In Lebanon, the Prius retails at about $60,000 including import taxes — far higher than the $22,800 to $28,000 price tags found in the US.
“The price is not a commercial price,” said Salim Haddad, general manager for Marketing Communication and Advertising, the advertising firm that handles public relations for BUMC. If tariffs are dropped or lowered, Toyota’s range of hybrid vehicles should become more affordable and make models such as the Prius more alluring to the average consumer, not just those with unflinching environmental ethics and the thick wallets to pay for them.
The cost of hybrid cars in Lebanon today puts them primarily in the range of luxury car buyers, yet many of these hybrids lack the flash and power that their non-hybrid model equivalents have. Still, the market is starting to see some luxury hybrid models; if the tariffs are waived, these cars could offer a chance to be stylishly eco-friendly at a cheaper price.
Take Porsche’s Cayenne S Hybrid SUV. The 2011 model comes loaded with a 333 horsepower V-6 engine and gets 24 miles per gallon. It looks exactly the same as any other Cayenne, save for a small “hybrid” marking on its rear.
Currently, the hybrid version of the Cayenne sells for about $137,000 in Lebanon including VAT, according to Charles Tarazi, an owning partner of Porsche Lebanon. This price is about 7 to 8 percent higher than a non-hybrid Cayenne.

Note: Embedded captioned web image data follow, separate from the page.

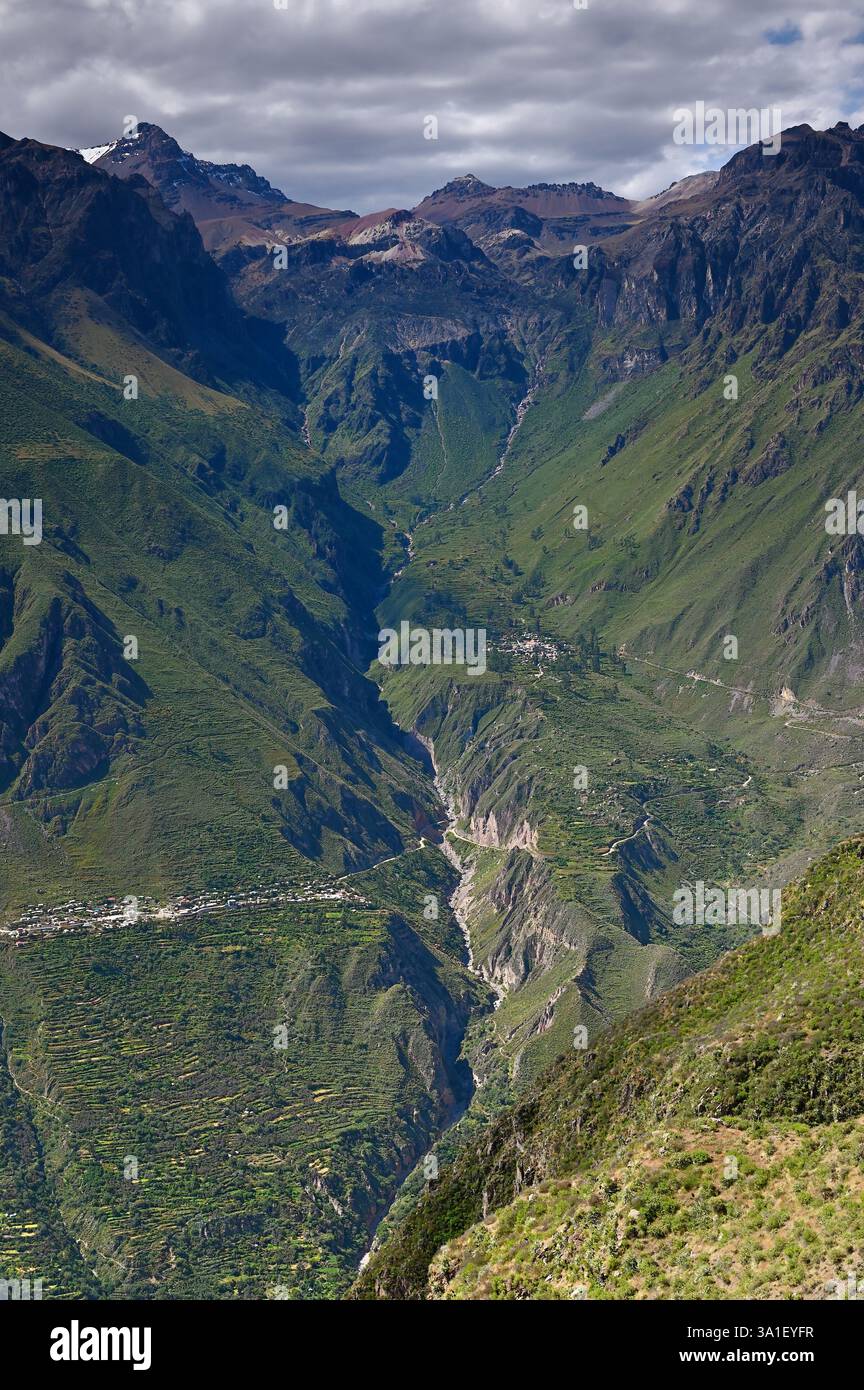 Colca Canyon vom Mirador de San Miguel. Cabanaconde, Peru Stockfoto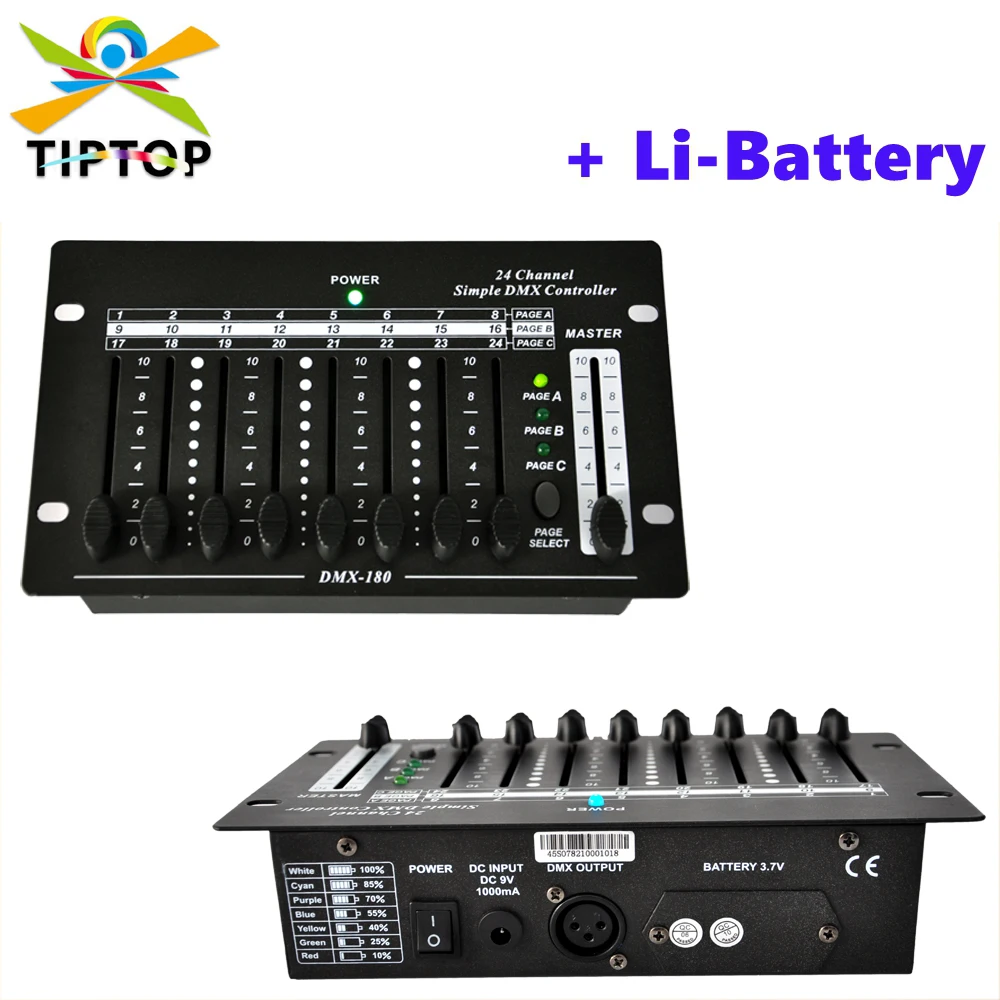 24 Channel simple DMX Console Chargeable Lithium Battery 3 Pin Xlr Output Power Failure Memory CE ROHS TIPTOP TP-D1345
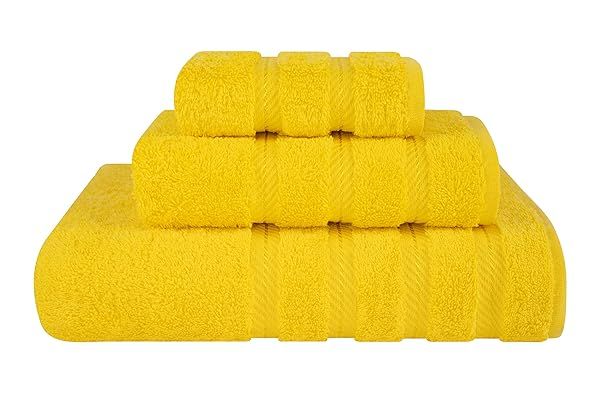 American Soft Linen 3-Piece Yellow Towel Set: 100% Cotton Bath, Hand & Washcloth for Luxurious Bathroom Comfort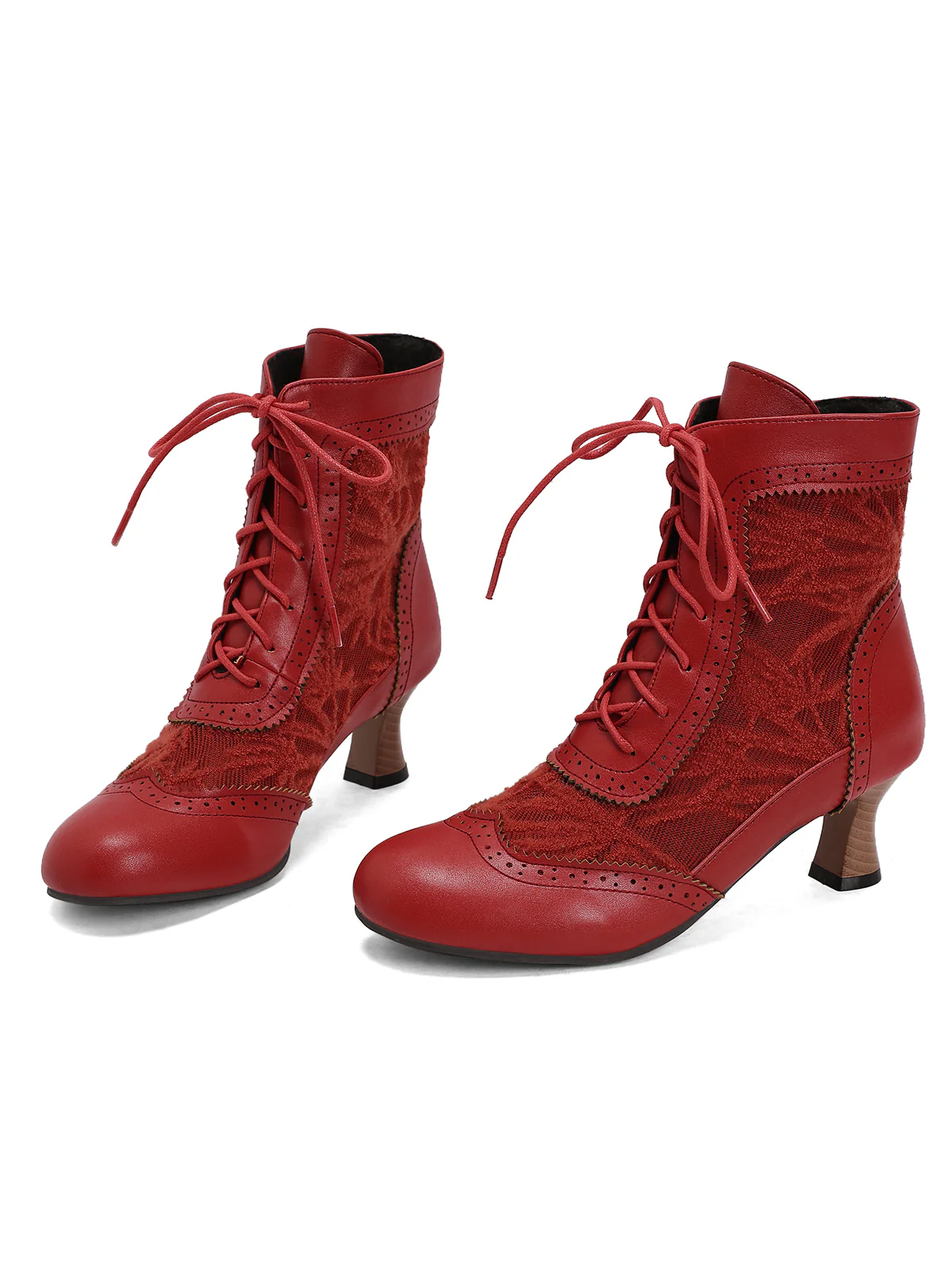 Vintage Leather Solid Lace Heel Boots - Image 16
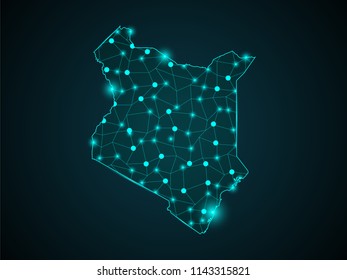 Wire frame 3D mesh polygonal network line. Abstract mash line and point scales on dark background with map of Kenya. Vector illustration eps 10. design polygon sphere.communication world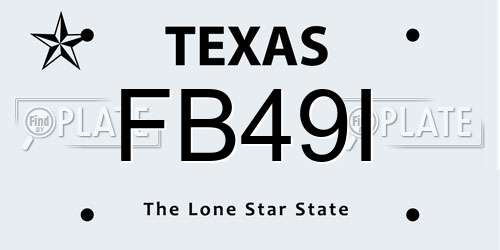 FB49I Texas License Plate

Minus the import tariffs, however, and the hybrid could end up a good deal cheaper than a normal Cayenne and boost its market share. So far though, sales on the Cayenne S Hybrid haven’t been great. “We’re getting a few to test the market, but so far [there has been] nothing positive,” said Tarazi.
BUMC has started to offer the Lexus LS 600h, a luxury saloon that emits 218 g/km of CO2 while achieving 30.4 miles per gallon and reaching speeds of up to 250 kilometers per hour. Yet, as with the other hybrids offered by BUMC, the LS 600h is only available on a special basis and has yet to go mainstream in Lebanon. A handful of other luxury car manufacturers have entered the hybrid market, though it is not known when or if these will be made available in Lebanon.
Will it Work?
As the 2010 budget is still stuck in the country’s bureaucratic maze it is too soon to confidently say whether hybrid (and other green technology) cars will see growth in Lebanon or not; members of the automotive industry in the country agree that the clause in the budget is key.
However, it’s worth noting that elsewhere in the region, efforts to promote green cars have met some success. In Jordan, the government issued a partial reduction on taxes on hybrid vehicles earlier this year and offered additional benefits for customers who want to trade in their non-hybrid car as part of the purchase. According to the Jordan Times, Jordan has imported 9,000 hybrid vehicles so far this year and customers trading in their traditional cars for hybrids have been able to save up to $5,600.
In Egypt, many cars in Cairo’s massive fleet of taxis have gone green, utilizing compressed natural gas as a cheaper and cleaner alternative to gasoline. Similar efforts have been made with cabs in the United Arab Emirates.
Still, in Lebanon as it stands today, “there’s been zero support from the government for hybrid cars for private use,” said Tarazi.
But some are optimistic things will change.
“It has a future and it has potential,” said Haddad. “The environmentally-friendly mentality is gaining [here]. We can’t really measure it because it hasn’t been commercialized yet, but we feel there is potential.”
As hybrids and other green cars have yet to feature on the Lebanese radar, few people in the country outside of the automobile industry are conscious of the potential environmental and cash-saving benefits they could bring to prospective buyers.
Consumers will need to be made aware of the advantages of going green if we are to see more than a trickle of hybrids rolling down the streets of Lebanon, but the first step is lifting the tariffs. Thus, the country’s environmentally friendly future, as so much else, hangs on the fate of the 2010 budget.